Die neue Stromnetzentgeltverordnung und die neue EGG-Abgabe sorgen dafür, dass der Markt verstärkt unter Strom ist. Knackpunkt ist vor allem die Wettbewerbsverzerrung.



Denn die Industrie kann künftig die Stromkosten auf die Verbraucher - und die kleinere Betriebe abwälzen, wie zahlreiche Tageszeitungen berichten. Grund dafür ist eine neue gesetzliche Regelung, die sogenannte Stromnetzentgeltverordnung - gültig seit August 2011. Nach dieser Verordnung können sich Großverbraucher in energieintensiven Branchen (Stahl-, Aluminium oder Papierwerke) von der Zahlung der sogenannten Netzentgelte befreien lassen, die Teil des Strompreises sind.


Doch was man auf der einen Seite erlässt, muss man auf der anderen Seite wieder holen.
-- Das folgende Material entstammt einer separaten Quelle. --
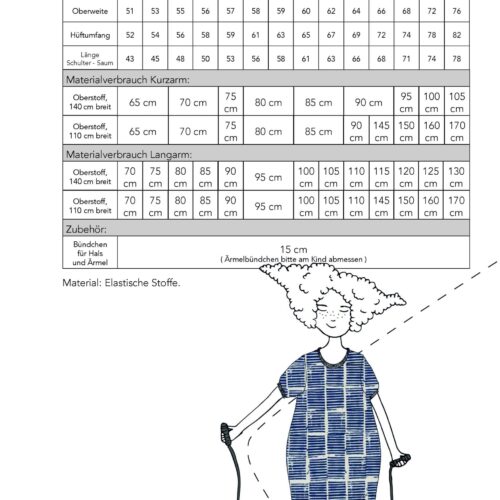 Ebook: Schnittmuster "Kinderkleid Susette"
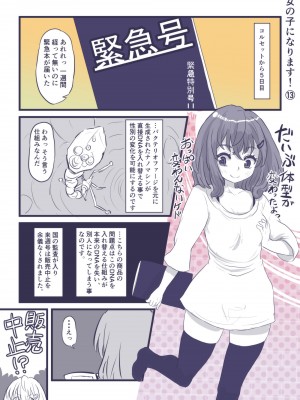 [いぬくりぃむ (いぬくりぃむあいす)] 女の子になります！_60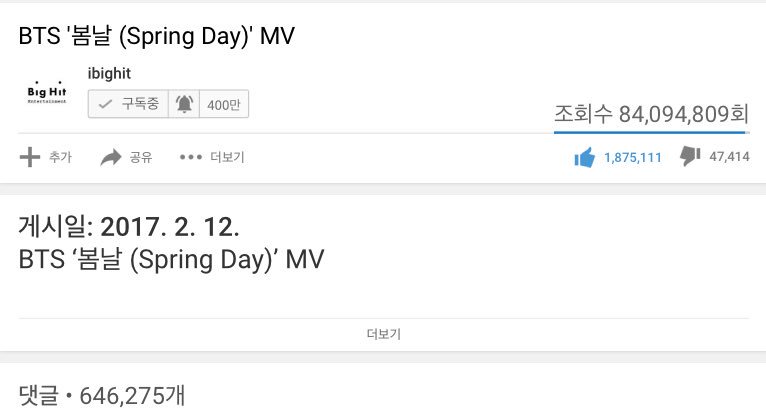 BangTooS's tweet photo. 📌0601 00:03 #봄날 109일차
조회수 84,094,809 (+323,881)
좋아요 1,875,111
댓글 646,275

https://t.co/VkvI5HlE0f

#SpringDay90M🌱 https://t.co/wl2COkGpmB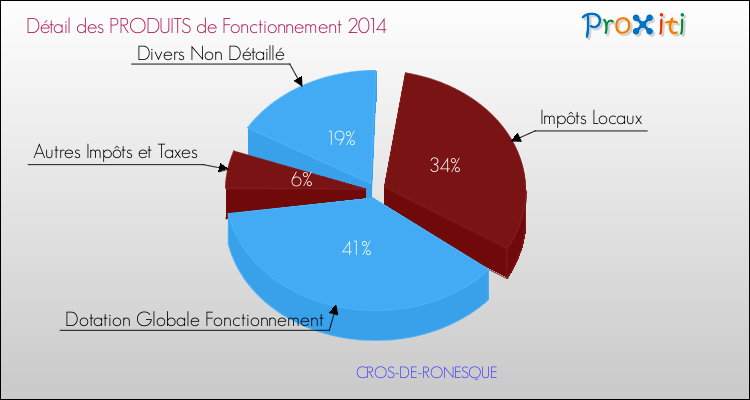 Décomposition du Budget de Fonctionnement 2014 de la commune de CROS-DE-RONESQUE Budget de Fonctionnement 2014 pour la commune de CROS-DE-RONESQUE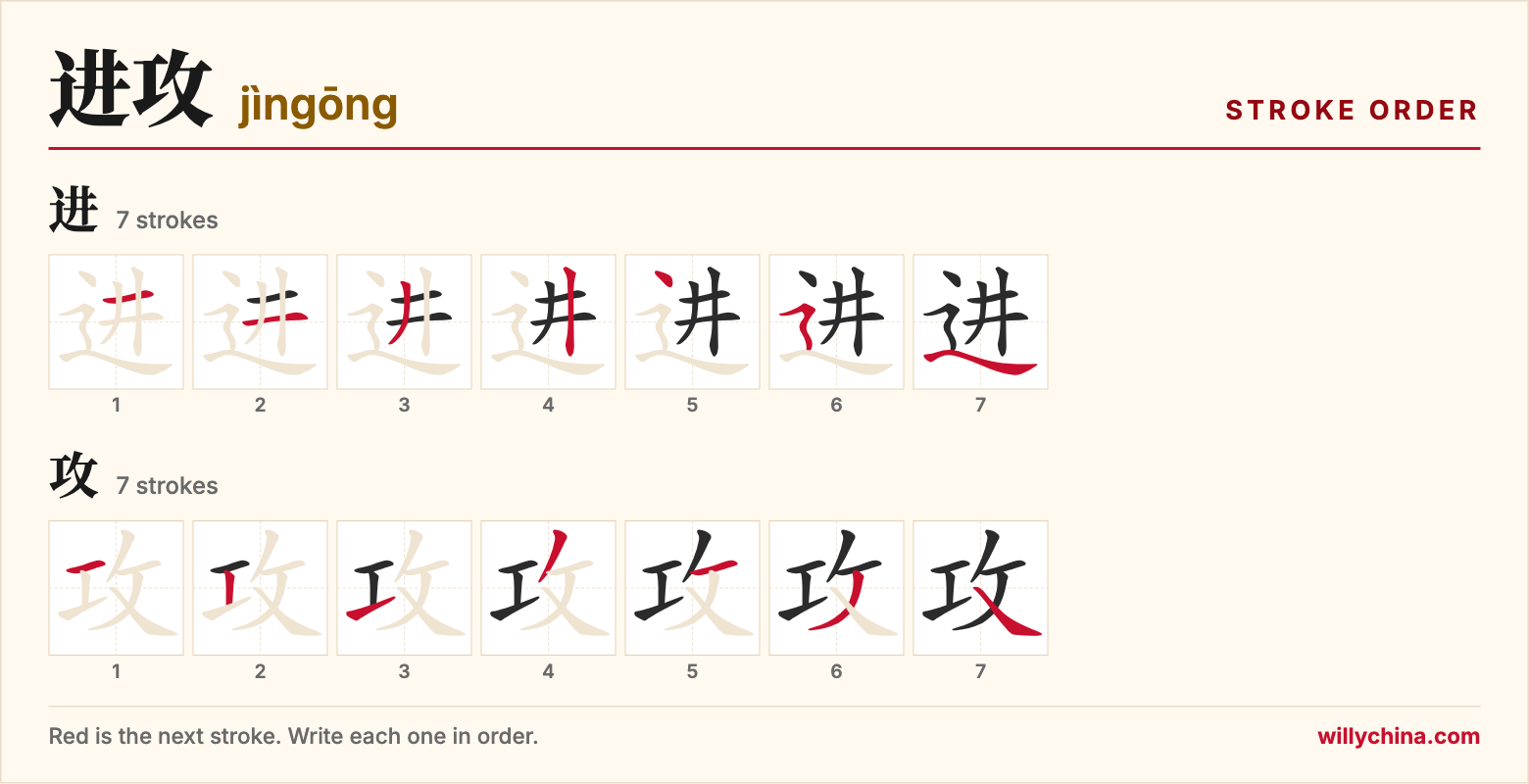 进攻 (jìngōng) stroke order chart: each stroke of the characters in the order you write them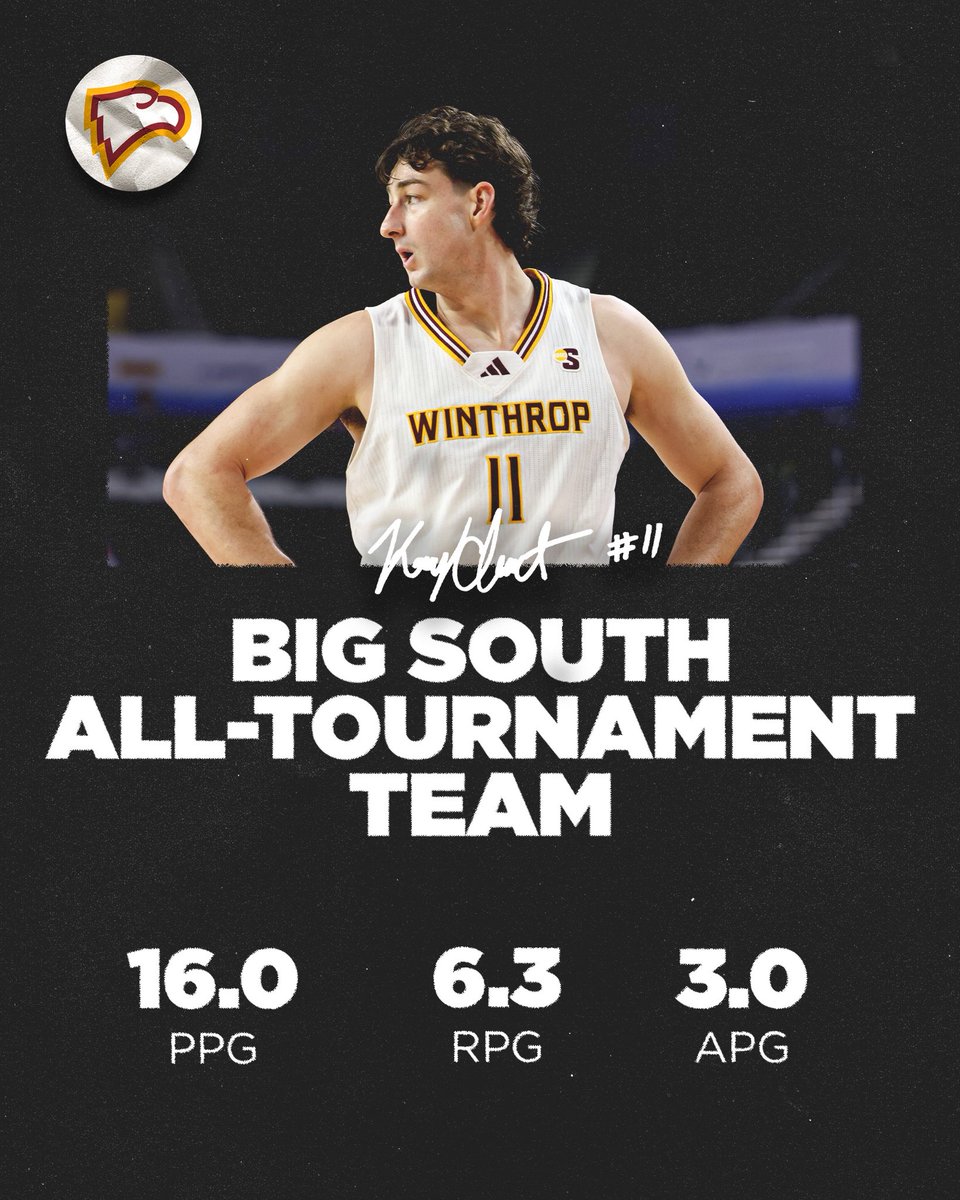 Winthrop Basketball tweet media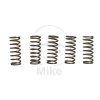 Clutch spring kit EBC CSK180 5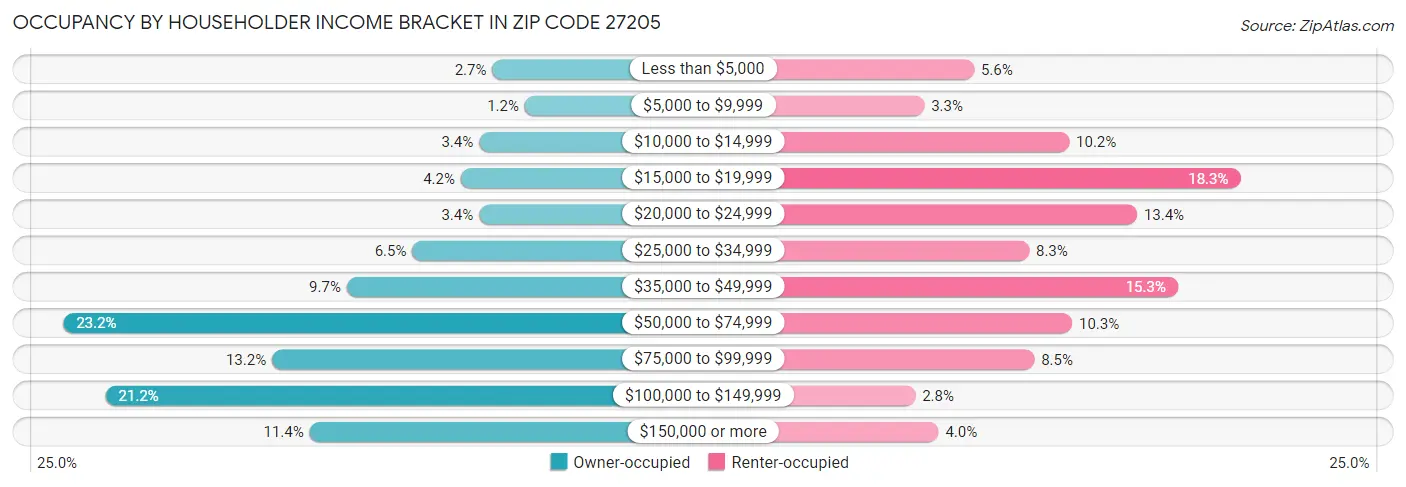 Occupancy by Householder Income Bracket in Zip Code 27205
Die Zeche zahlen laut Experten die Haushalte und die kleinen und mittleren Unternehmen. Hier wird ab 2012 mit mit einem Zuschlag von mindestens 0,55 Cent pro Kilowattstunde gerechnet.


Hinzu kommt, dass die Umlage für Erneuerbare Energien (EGG-Abgabe) 2012 genau 3,592 Cent je Kilowattstunde verbrauchtem Strom beträgt. Das bedeutet eine relativ moderate Erhöhung um 0,062 Cent. Was bei bei 100.000 Kilowattstunden 62 Euro Mehrkosten ausmacht.


Das ist nicht besonders viel, aber ärgerlich. Zumal auch in dem Fall die Großen profitieren und die Kleinen solidarisch für die entstehende Differenz aufkommen: Zwar können besonders energieintensive Unternehmen des verarbeitenden Gewerbes in den Genuss von Rückzahlungen kommen - auch Bäcker. Aber das gilt erst ab einem Jahresverbrauch von mindestens einer Gigawattstunde.